◆ **PROVIDED DATA**:
----

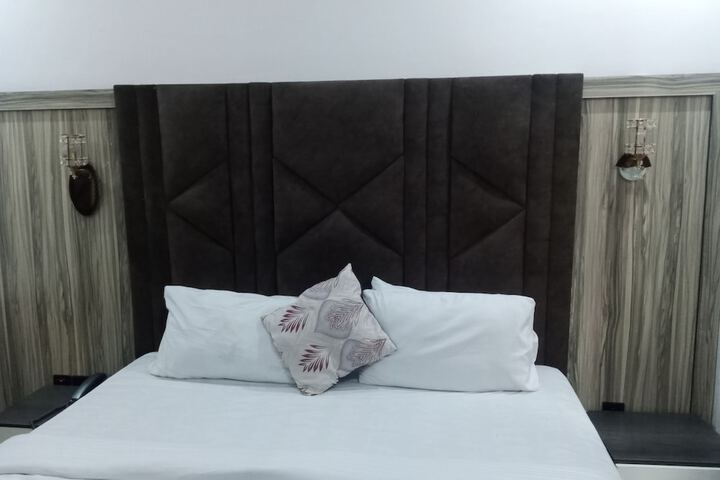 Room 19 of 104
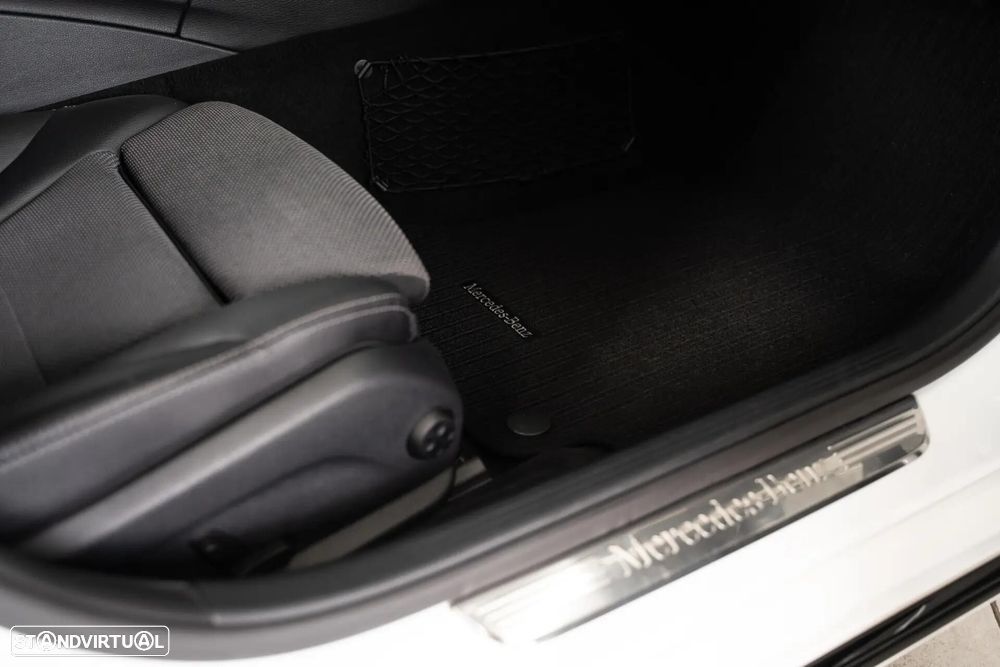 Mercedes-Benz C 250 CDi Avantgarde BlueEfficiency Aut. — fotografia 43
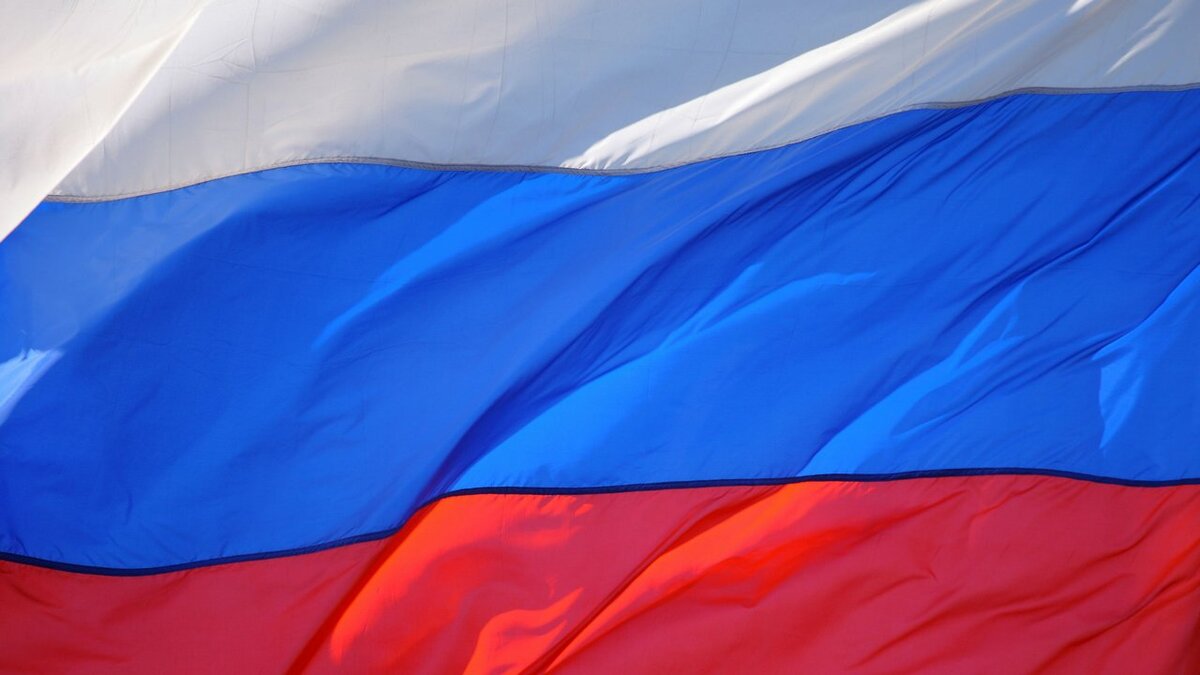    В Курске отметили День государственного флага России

----

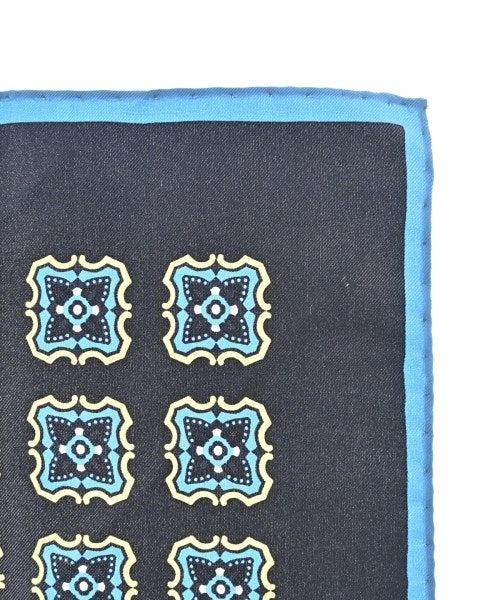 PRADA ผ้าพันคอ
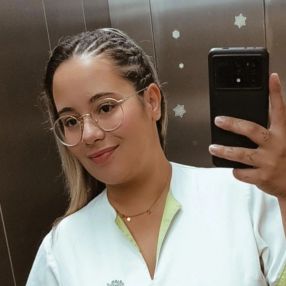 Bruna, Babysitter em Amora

----

◆ **PROBLEM**: Would you copy the lines above exactly, starting with the one that has "Room 19 of 104" and ending with the one that has "В Курске отметили", both included, without the pictures?

◆ **SOLUTION TO THIS PROBLEM**:
 Room 19 of 104
 Mercedes-Benz C 250 CDi Avantgarde BlueEfficiency Aut. — fotografia 43
    В Курске отметили День государственного флага России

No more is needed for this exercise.